No expert in either international jurisprudence or the formal study of modern history, I can perhaps represent the general reader in welcoming Professor Smith’s new book as a substantial contribution to the understanding of the age we live in. Reaching Judgment at Nuremberg could easily have been the sort of book that leaves you wondering whether this is an age worth living in at all. It might have brought the horrors to mind without making sense of them, which would have been depressing. Or it might have made sense of all the horrors without bringing them to mind, which would have been more depressing still. But the author has proved himself equal to this most formidable of tasks. He has uncovered new facts without being tempted into unbalanced opinions. The issues are raised and treated without the innocent dead being further dishonoured. Despite its terrible weight of subject, this is one contemporary historical work which leaves you with the encouraging feeling that the form and pressure of modern political tragedy might somehow be transmitted intact to the generations that will succeed us.

If it now seems evident that genocide was the central issue in the Nuremberg trials, we largely have the Nuremberg trials to thank. It was only during the trials themselves that the industrial scale of the Nazi onslaught on innocent people came to be revealed. During the preparation of their case, and indeed during much of their conduct of it, the prosecution lawyers were seldom able to grasp the significance of what they were faced with. Especially on the part of the Americans and the British, there was a striking inability to imagine what everyday life had been like in Nazi Europe.

Fortunately the tribunal itself was quicker on the uptake. Drawn from all four of the occupying powers, the judges were on the whole able to see the correct import of evidence so overwhelmingly awful that the prosecution scarcely knew how to present it. One of the many services performed by Professor Smith’s book is to show that Nuremberg was not a kangaroo court. Even the Russian and the French judges were able to act with some independence from their governments. It is true that some of the defendants were arbitrarily chosen, true that the indictment was questionably framed, and true again that some of the verdicts were anomalous. But by and large justice was done. The idea that at Nuremberg the victors tried the vanquished is a false one.

The vanquished were the millions of guiltless men, women and children already obliterated. Most of the men on trial were victors who would have remained victorious if something had not been done. Whether or not they deserved death in their turn, they certainly had something coming to them. The Nuremberg tribunal, in making sure that they got it, went some way towards a squaring of the accounts — and in making sure that they were tried by due process achieved something better than mere revenge. Revenge would have been a raindrop echoing an ocean.
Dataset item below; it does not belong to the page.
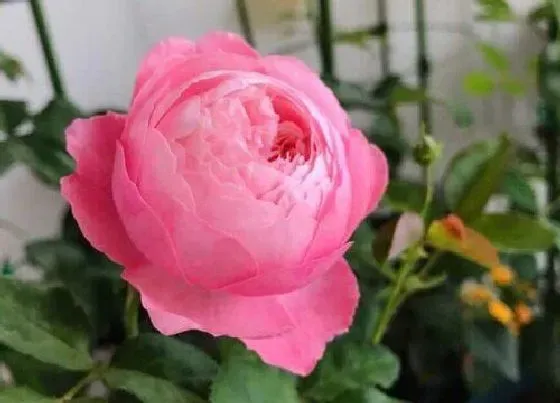 花之最|无病虫害勤花的月季品种 什么月季抗病强抗虫性好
The accused were indicted on four counts. Count One concerned a general conspiracy to wage aggressive war. Count Two concerned substantive crimes in furtherance of that end. Count Three concerned war crimes as defined by the Geneva Convention and similar agreements. Count Four concerned Crimes against Humanity. Although it might seem obvious to us that Count Four is the one that matters most, the prosecution focused most of its efforts on Count One. In retrospect this might seem hard to explain. Conspiracy theories have a bad reputation among lawyers and this particular conspiracy theory is no longer popular even among historians, who have done their best to convince us that Hitler’s plan for world conquest was really a sequence of brilliant improvisations. Yet at the time of the Nuremberg trials the climate of opinion dictated that the Nazis should be punished collectively, even if the punishment was only symbolic. As revealed in captured documents, the sheer cynicism with which Hitler had toppled governments shocked the world. Anybody could appreciate that here had been a pack of gangsters on the loose.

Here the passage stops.